Wednesday. Through the door and into the house we go, as the disembodied voice of Rod Serling's great-great-grandson's pool boy tells us that this house is like no other house. Cameras, microphones, chess board, doodads, et cetera. Twelve idiots will soon arrive. (Technically, RSGGGPB calls them "daring strangers." Same difference.) Confinement! No contact with the outside world! Evictions! And, of course, the $500,000 prize at the end. Because this is Big Brother, where the motto is: Even We At CBS Will Not Pay You One Million Dollars To Let Us Watch You In The Potty For Three Months.
Same piano/drum-machine/fiddle theme as last year. The composer of this music got his M.F.A. from the back of Cracked, and it came with a free order of Sea Monkeys.
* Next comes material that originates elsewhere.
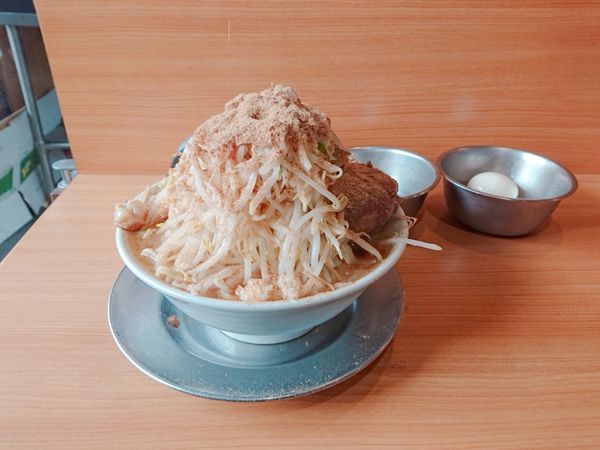 「大ラーメン 和風BB 生たまご 気まぐれたまご」@ラーメン二郎 八王子野猿街道店2の写真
Julie Chen comes down the front steps of the house, wearing a midnight blue peasant-blouse-inspired top, which I could like, and camel-colored velour pants, which I could not. She is sporting both a sparkly choker and a chunky pendant. I think the pendant is the one of these necklaces that she meant to leave on the dresser. She tells us we're about to meet the houseguests, and in her most dramatic and hushed chirp, she points out that they have nothing in common except "courage." And fame-whoring, Julie! Don't forget fame-whoring!
Here's the ridiculous Let's Pretend You're Shocked When We Hand You The Key sequence. It starts with a quick-cut series of contestant shots, including at least one of Josh that makes him look both awkward and evil, like a serial killer who wets the bed. All are visited by the unseen Key Fairy -- Danielle at home, Jason at what I'm thinking is his parents' house, Chiara at a hot dog vendor (her reaction is the most obviously phony, which is probably because her setup is the most credibility-straining), Marcellas during what looks to be a photo shoot he's working on, and Lori while on a walk with her kids. I'm sure the approaching cameras didn't attract any attention.
Amy, a large-breasted blonde wearing a whole lot of ill-advised eye shadow, is fetched from her stultifyingly boring living room, where she takes the opportunity to admire her reflection in the great big key. She finds herself bee-yoo-tee-ful. Outside on her lawn, she holds her little dog in her arms and clutches it tightly to her big dogs (if you get my sophomoric meaning), telling us that if she pisses us off, she doesn't give a damn. I make a voodoo doll of Amy and put gum in its hair.